The reason is that our first reflexion on experience, the ordinary reflexion which leads to scientific knowledge, brings home to us the evident fact that the particular form nature assumes in immediate apprehension is determined by perspective. Perspective clearly appertains to the mind and depends on its standpoint of observation and is not inherent in the object apprehended. Hence arises the distinction between the object of scientific knowledge and the object of direct sense-perception. Science we regard as peculiarly concerned with the task of determining what reality is when divested of every appearance which can be attributed to the observer's perspective.

Dialectical disquisitions on what common sense means, or ought to mean, by its affirmation of the real existence of the objective world, have an air of unreality. They never seem to come to close quarters with a real issue. It is both more important and more impressive to examine the notion of reality which serves as a basis of physical science.

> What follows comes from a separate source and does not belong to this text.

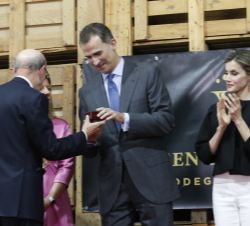 Don Felipe recibe la insignia de la Cooperativa Virgen de las Viñas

Just as the space of geometry is not the space of sense experience, so the reality which science treats as actual independent existence is not the reality of sense experience. It is a conceived, not a perceived, reality, and if it must be formulated in terms of a potential perception it is a perception which under no possible conditions could be actual. It is a conceptual reality which experience is held both to postulate and interpret. It is important therefore to lay this concept bare, that is, to show what is implied not in any particular theory of the constitution of the external world, but in the general notion, deeply seated in common-sense thought, that there is a real world with its own nature, independent of the mind whose object it may be, and that this world, whatever its nature, and however inaccessible to us, is the ground of knowledge and the only criterion of the validity of knowledge. When we examine the notion and follow out its implications we are likely to be amazed at its inconsistency, and we may even come to feel surprise that we should have somehow come to believe it as a matter of course, the antecedent improbability of its truth makes belief in it seem so extravagant.